One question that arises is whether FASB will base the accounting treatment on the theoretical definition of an environmental credit or how it is actually used in practice. For example, an investigation by The Guardian discovered that approximately 90% of the rainforest offset credits approved by a significant carbon credit certifier were practically worthless.
4. ESG: A Matter of Data
The conference couldn't skip the hot topic of the SEC's forthcoming ESG reporting standards. Given the vast amount of uncertainty surrounding these rules, the panel largely focused on the logistics of implementation.
One concern addresses the data quality and the required controls. For years, sustainability information has existed in standalone reports, often outside the scrutiny required for a public filing. "Will the numbers be accurate enough to be in the public domain?" asked John Hodges, a partner in EY's climate change and sustainability practice.
Google's parent company, Alphabet, focuses on greenhouse gas emissions, stating that emissions data will be obtained from meters, invoices, and operational databases.
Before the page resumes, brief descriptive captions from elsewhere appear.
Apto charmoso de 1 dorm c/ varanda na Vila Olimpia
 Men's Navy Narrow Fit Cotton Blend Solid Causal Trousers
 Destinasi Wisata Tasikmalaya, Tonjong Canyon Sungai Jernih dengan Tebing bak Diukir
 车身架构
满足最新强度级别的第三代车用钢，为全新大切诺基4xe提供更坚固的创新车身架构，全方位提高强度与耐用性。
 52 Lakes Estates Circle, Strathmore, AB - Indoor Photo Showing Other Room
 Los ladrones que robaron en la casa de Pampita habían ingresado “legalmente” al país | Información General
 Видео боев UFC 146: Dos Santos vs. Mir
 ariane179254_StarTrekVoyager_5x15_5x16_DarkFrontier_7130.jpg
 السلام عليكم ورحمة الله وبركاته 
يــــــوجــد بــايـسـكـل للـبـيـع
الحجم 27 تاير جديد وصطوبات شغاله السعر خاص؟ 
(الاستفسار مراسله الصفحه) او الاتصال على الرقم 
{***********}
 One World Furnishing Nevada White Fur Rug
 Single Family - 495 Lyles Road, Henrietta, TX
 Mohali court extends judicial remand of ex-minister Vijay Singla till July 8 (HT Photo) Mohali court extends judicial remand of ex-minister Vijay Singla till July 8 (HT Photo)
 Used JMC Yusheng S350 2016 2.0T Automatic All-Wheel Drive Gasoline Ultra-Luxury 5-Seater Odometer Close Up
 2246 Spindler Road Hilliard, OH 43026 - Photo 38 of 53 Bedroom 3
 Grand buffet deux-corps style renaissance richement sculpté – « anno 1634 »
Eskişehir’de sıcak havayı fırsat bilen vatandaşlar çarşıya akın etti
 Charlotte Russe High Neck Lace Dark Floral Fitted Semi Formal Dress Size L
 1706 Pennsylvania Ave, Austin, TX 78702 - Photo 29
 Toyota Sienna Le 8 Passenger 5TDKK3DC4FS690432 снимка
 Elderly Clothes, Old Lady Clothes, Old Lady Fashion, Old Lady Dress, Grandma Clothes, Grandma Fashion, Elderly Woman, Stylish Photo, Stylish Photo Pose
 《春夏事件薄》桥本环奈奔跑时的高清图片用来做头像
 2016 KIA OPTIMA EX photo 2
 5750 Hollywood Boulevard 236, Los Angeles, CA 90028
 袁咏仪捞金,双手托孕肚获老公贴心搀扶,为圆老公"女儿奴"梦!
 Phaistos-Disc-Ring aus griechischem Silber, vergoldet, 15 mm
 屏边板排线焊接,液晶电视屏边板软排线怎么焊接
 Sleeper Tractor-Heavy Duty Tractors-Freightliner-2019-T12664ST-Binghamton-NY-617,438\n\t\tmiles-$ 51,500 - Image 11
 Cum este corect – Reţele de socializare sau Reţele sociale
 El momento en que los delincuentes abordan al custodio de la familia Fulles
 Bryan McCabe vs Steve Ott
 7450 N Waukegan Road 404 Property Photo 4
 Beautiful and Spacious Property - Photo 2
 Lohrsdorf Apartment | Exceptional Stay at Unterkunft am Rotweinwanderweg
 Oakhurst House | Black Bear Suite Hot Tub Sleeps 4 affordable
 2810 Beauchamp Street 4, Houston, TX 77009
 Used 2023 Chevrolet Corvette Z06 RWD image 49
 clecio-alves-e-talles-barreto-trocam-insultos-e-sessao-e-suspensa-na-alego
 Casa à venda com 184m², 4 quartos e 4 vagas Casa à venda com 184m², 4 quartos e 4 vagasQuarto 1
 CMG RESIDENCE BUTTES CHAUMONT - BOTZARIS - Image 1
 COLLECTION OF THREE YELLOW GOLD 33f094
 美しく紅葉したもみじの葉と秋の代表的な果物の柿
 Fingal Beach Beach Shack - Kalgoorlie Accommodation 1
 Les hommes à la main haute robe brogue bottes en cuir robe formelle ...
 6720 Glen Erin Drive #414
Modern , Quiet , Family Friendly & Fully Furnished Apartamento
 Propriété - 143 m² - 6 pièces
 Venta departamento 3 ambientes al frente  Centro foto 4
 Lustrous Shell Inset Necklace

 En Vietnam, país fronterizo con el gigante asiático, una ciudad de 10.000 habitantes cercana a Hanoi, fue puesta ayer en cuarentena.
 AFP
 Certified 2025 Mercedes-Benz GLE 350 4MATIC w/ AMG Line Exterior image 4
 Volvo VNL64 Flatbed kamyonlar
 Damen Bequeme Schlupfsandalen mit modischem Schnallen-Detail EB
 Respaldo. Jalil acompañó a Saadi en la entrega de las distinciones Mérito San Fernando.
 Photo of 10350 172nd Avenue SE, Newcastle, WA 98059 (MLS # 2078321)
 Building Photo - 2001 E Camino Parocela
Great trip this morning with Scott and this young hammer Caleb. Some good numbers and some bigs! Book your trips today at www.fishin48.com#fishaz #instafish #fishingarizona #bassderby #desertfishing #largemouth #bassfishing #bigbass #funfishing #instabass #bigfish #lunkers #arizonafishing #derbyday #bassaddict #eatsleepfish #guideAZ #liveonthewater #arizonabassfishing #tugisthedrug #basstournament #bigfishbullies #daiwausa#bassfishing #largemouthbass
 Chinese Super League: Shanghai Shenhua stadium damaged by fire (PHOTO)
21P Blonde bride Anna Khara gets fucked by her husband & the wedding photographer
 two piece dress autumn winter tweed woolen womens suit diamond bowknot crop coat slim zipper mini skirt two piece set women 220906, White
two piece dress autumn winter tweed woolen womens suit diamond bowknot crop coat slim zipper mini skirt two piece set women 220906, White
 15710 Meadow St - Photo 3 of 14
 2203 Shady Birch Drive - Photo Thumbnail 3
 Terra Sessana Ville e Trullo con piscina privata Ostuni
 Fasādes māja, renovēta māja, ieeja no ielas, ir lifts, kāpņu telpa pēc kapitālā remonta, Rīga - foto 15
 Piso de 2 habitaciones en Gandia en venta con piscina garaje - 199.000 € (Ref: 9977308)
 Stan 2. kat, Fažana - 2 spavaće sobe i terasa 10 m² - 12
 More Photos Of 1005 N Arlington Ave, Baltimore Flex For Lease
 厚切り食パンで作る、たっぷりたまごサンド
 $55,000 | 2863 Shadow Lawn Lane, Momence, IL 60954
The most challenging part of the ESG disclosure process, according to Daniel Lim, ESG controller at Google's parent company, will be data collection, also known as "data ingestion." The location of all this data is also a concern.
With the SEC rules expected to roll out this year, Hodges recommended companies follow three steps to prepare: 1) Assess inventory – organize and catalog the company's sustainability activities; 2) learn and develop ways to collect and deliver sustainability data, including establishing controls; and 3) ensure responsibility for governance is in place.
- The discussion on non-GAAP disclosures remains ongoing among accountants, auditors, and regulators, with Lindsay McCord from the SEC's division of corporate finance clarifying that "recurring" expenses include costs that occur repeatedly or occasionally, even at irregular intervals.
- Lindsay McCord encouraged companies to utilize the SEC's office of the chief accountant (OCA) for help with accounting or auditing compliance matters, emphasizing that consulting the OCA doesn't imply a review of the company's financials by the SEC.
- The Financial Accounting Standards Board (FASB) is working on an environmental credit program project to establish accounting rules for environmental credit programs like carbon offsets, raising questions about whether the accounting treatment will be based on theoretical definitions or practical usage.
- The SEC's forthcoming ESG reporting standards were discussed at the conference, with an emphasis on the logistical challenges of implementing these rules, especially concerning data quality, data collection, and data controls.
- In the context of ESG reporting, data collection, often from meters, invoices, and operational databases, was identified as the most challenging part of the process for companies like Google's parent company, Alphabet.
- John Hodges, a partner in EY's climate change and sustainability practice, posed the question about the accuracy of ESG data if it will be made public, while Daniel Lim, ESG controller at Google's parent company, expressed concern about data collection, or "data ingestion."
- Hodges recommended that companies prepare for the upcoming SEC ESG reporting rules by assessing their sustainability activities, developing methods to collect and deliver sustainability data, and establishing controls.
- Underutilized resources and misconceptions about the role of the SEC's office of the chief accountant (OCA) were highlighted, with McCord expressing concerns about companies not fully utilizing the OCA for accounting and auditing compliance advice.
- The market for voluntary carbon offsets is growing, yet the authenticity and effectiveness of some of these credits have been called into question, emphasizing the need for clarity and transparency in accounting practices related to environmental credits.